SOURCE MATERIAL:
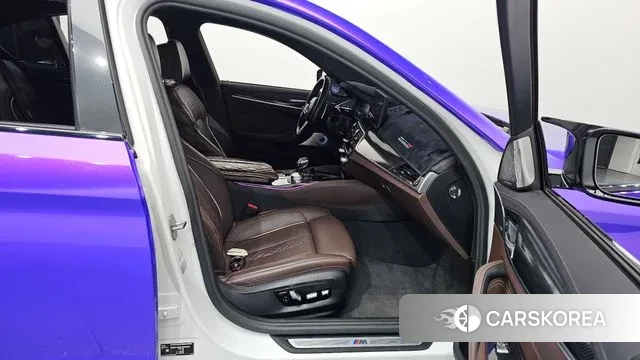 BMW 5 Series (G30) 2022 Фиолетовый из Кореи, фото 2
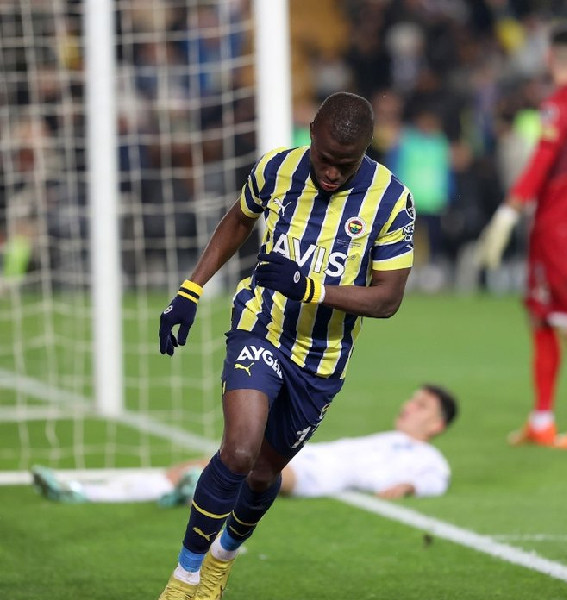 Fenerbahçeli yıldız oyuncu imzayı attı: İşte yeni adresi...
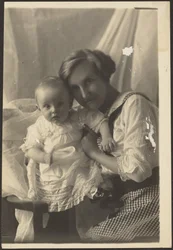 [Portret matki w sukni w kratę i dziecka]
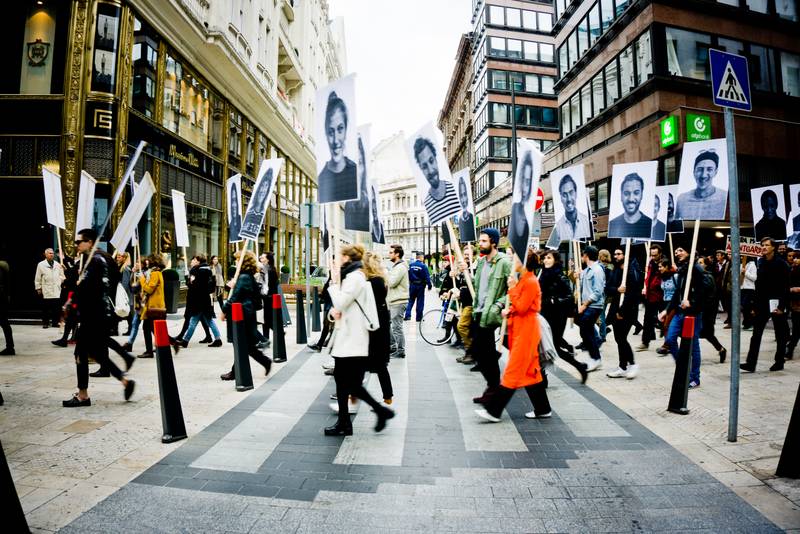 Gladness Demo, a restaging of Endre Tót’s Gladness demonstrations of the 70s, 2017. Copyright: OFF-Biennale Budapest Archive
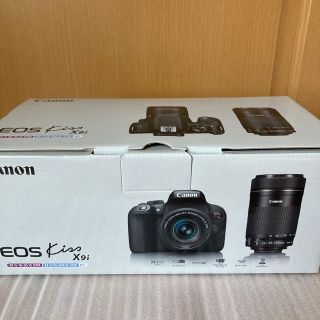 キヤノン(Canon)のCanon EOS KISS X9i Wズームキット(デジタル一眼)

ASSIGNMENT:
Leaving pictures aside, give again word for word each line from the one with "Fenerbahçeli yıldız oyuncu" to the final line of the entries.

RESULT OF THIS TASK:
 Fenerbahçeli yıldız oyuncu imzayı attı: İşte yeni adresi...
 [Portret matki w sukni w kratę i dziecka]
 Gladness Demo, a restaging of Endre Tót’s Gladness demonstrations of the 70s, 2017. Copyright: OFF-Biennale Budapest Archive
 キヤノン(Canon)のCanon EOS KISS X9i Wズームキット(デジタル一眼)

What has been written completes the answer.